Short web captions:

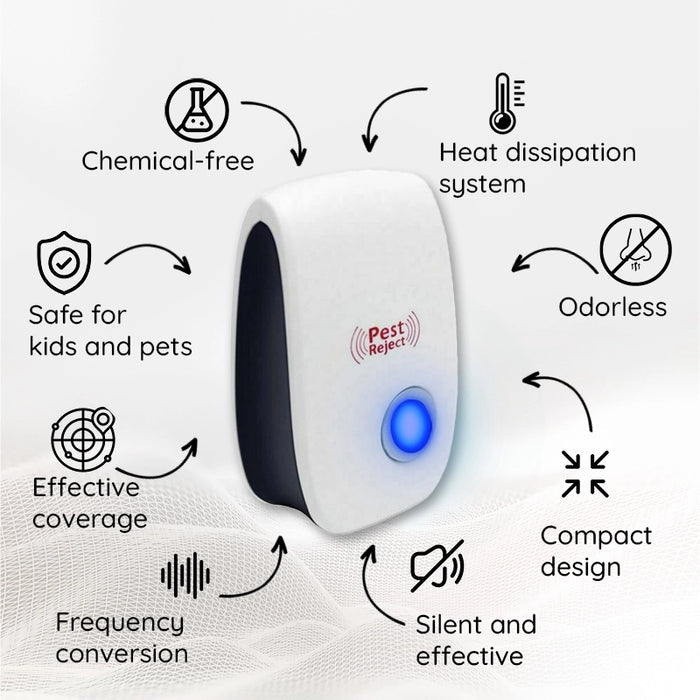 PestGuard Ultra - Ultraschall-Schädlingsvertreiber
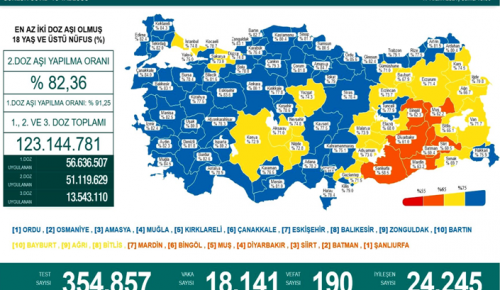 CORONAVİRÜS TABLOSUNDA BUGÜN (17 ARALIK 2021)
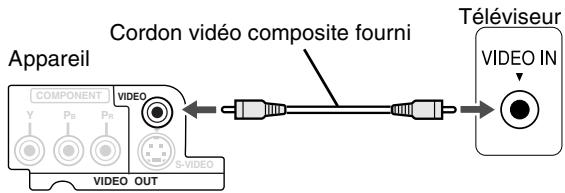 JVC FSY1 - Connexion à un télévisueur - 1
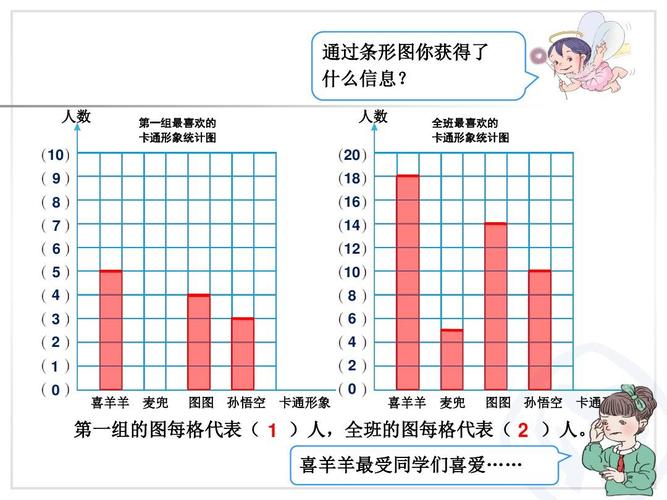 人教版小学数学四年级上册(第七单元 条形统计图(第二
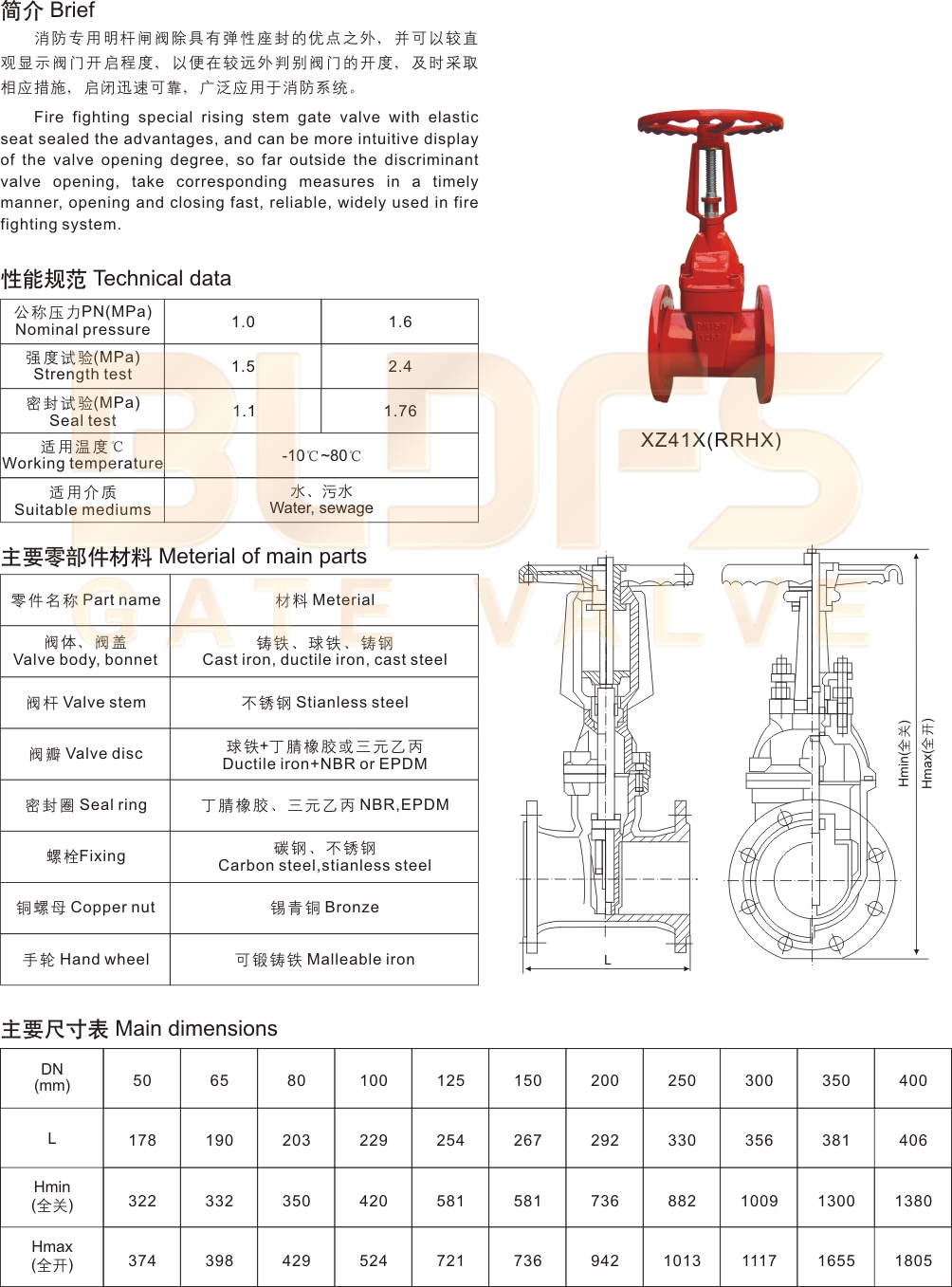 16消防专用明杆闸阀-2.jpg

...

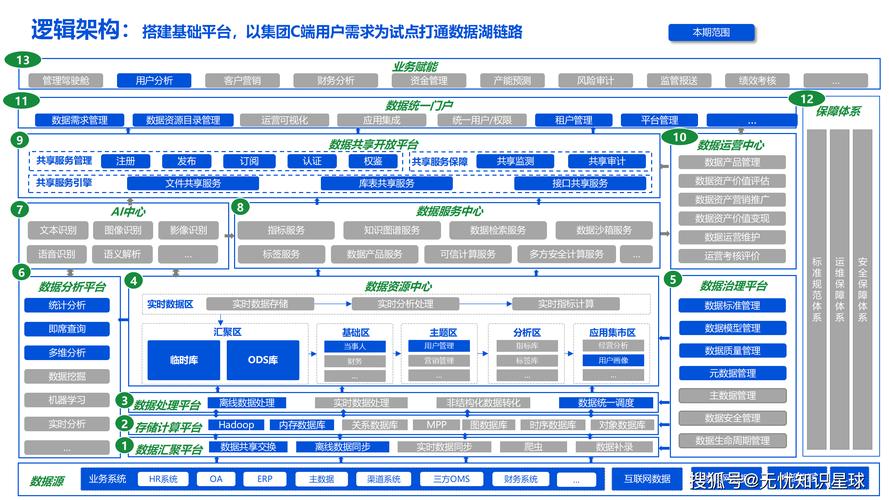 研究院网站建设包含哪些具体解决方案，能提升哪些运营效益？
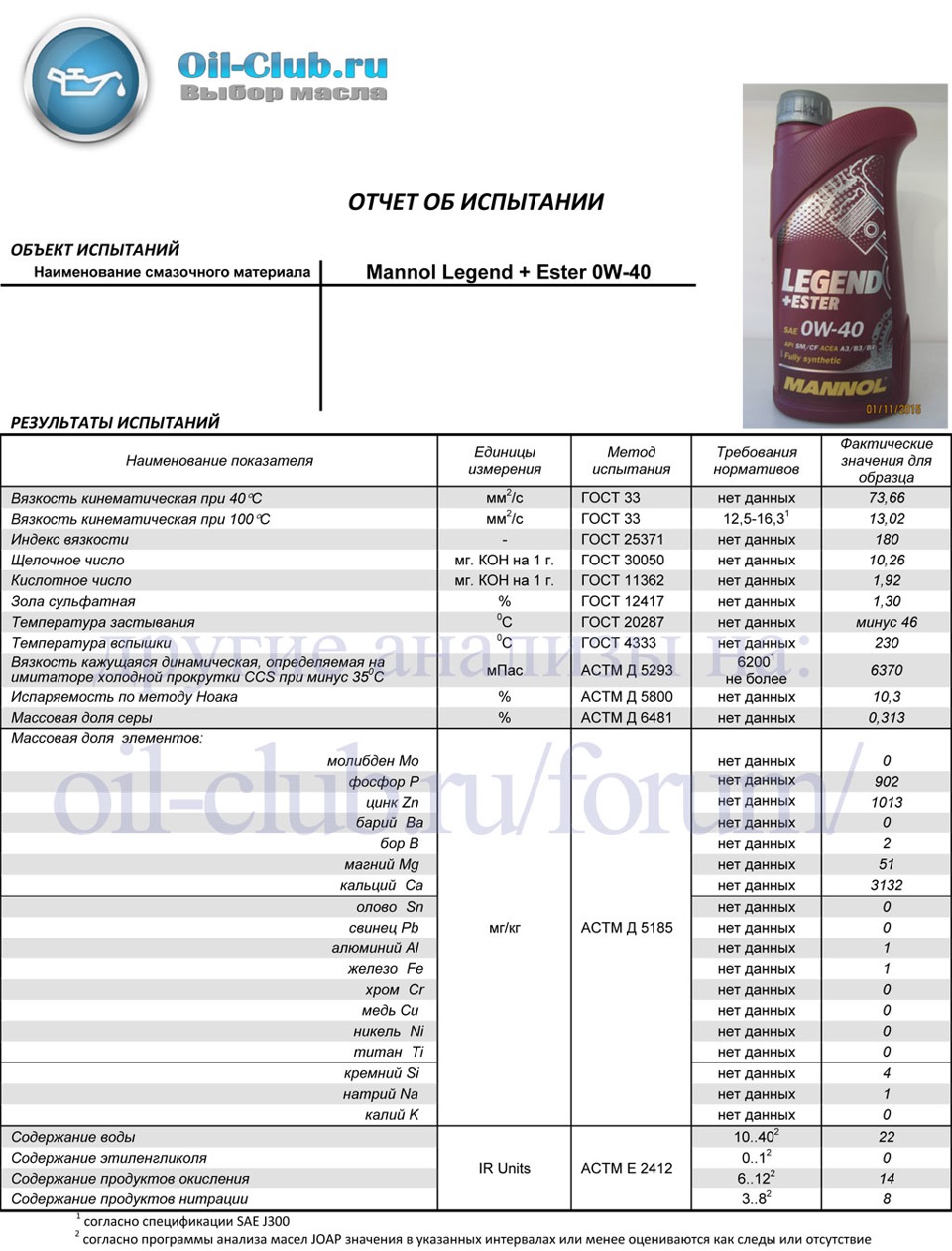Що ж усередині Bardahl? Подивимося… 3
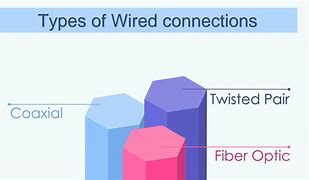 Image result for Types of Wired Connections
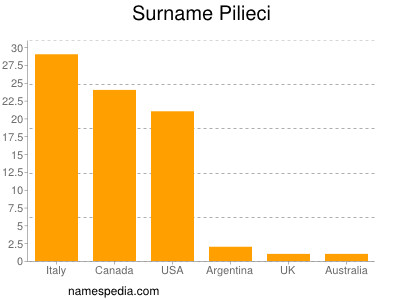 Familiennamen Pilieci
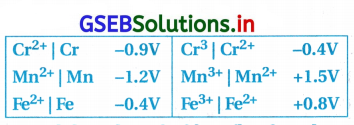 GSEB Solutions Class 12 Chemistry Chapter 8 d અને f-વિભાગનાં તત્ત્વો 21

--

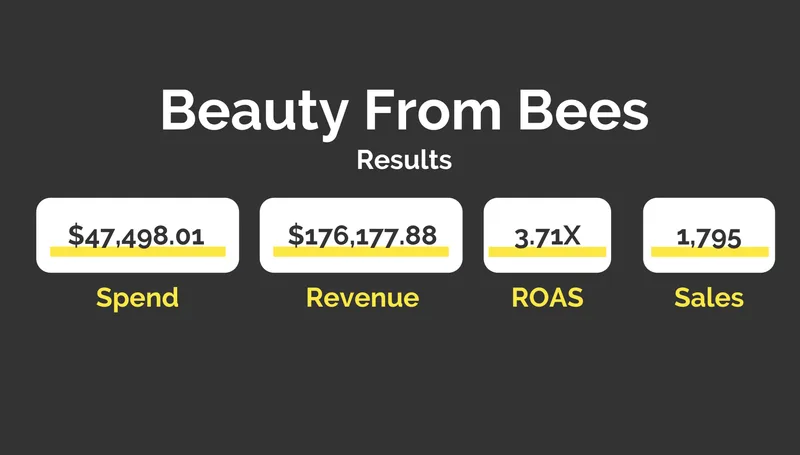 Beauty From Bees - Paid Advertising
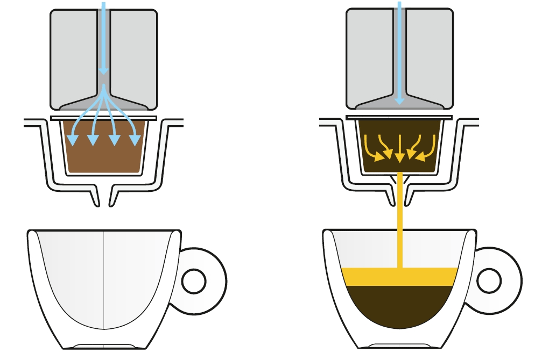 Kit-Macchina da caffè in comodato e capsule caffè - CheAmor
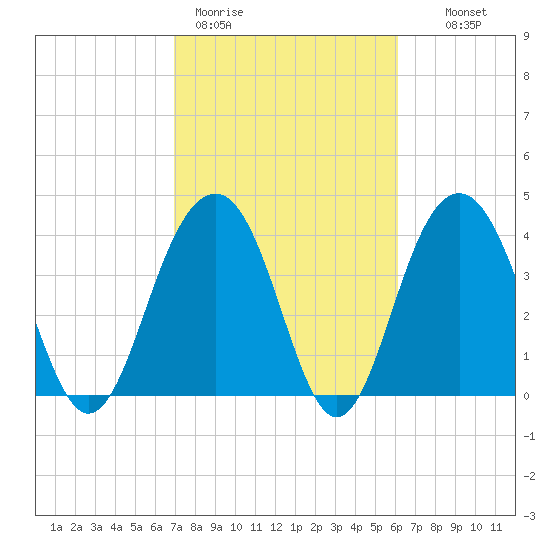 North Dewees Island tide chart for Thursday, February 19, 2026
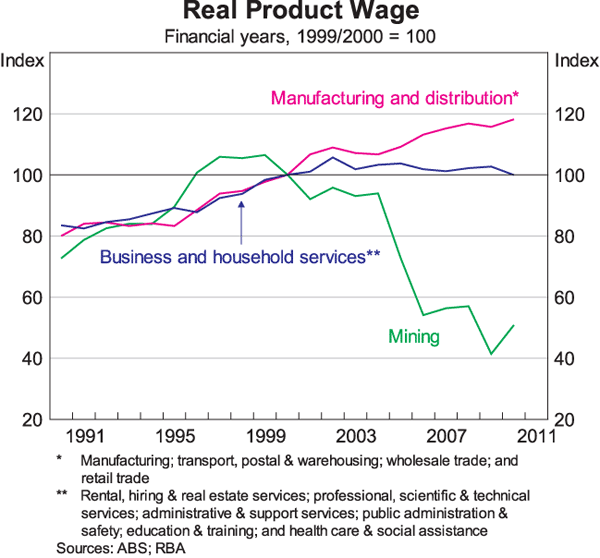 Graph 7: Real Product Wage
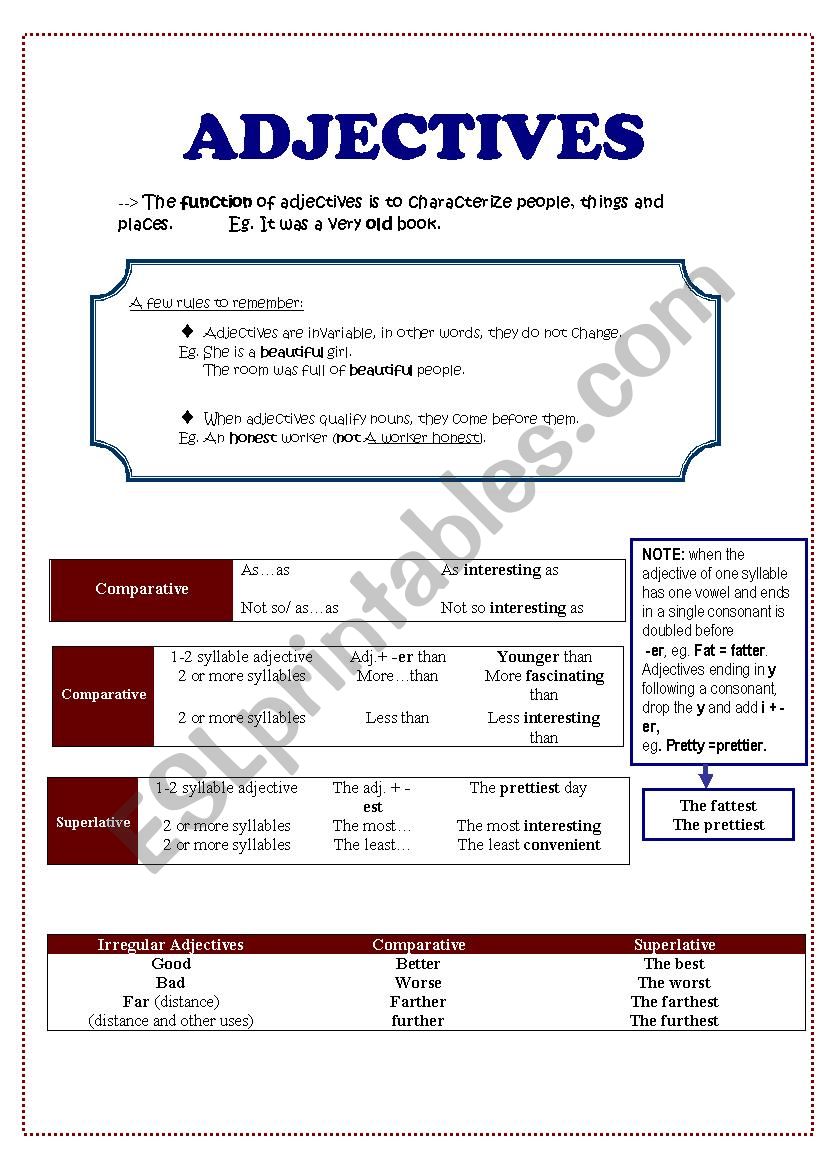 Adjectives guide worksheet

EXERCISE OBJECTIVE:
Your output should be the lines above from the one that contains "Beauty From Bees - Paid Advertising" through the one that contains "Adjectives guide worksheet", word for word, with pictures left out.

RESPONSE TO THIS EXERCISE:
 Beauty From Bees - Paid Advertising
 Kit-Macchina da caffè in comodato e capsule caffè - CheAmor
 North Dewees Island tide chart for Thursday, February 19, 2026
 Graph 7: Real Product Wage
 Adjectives guide worksheet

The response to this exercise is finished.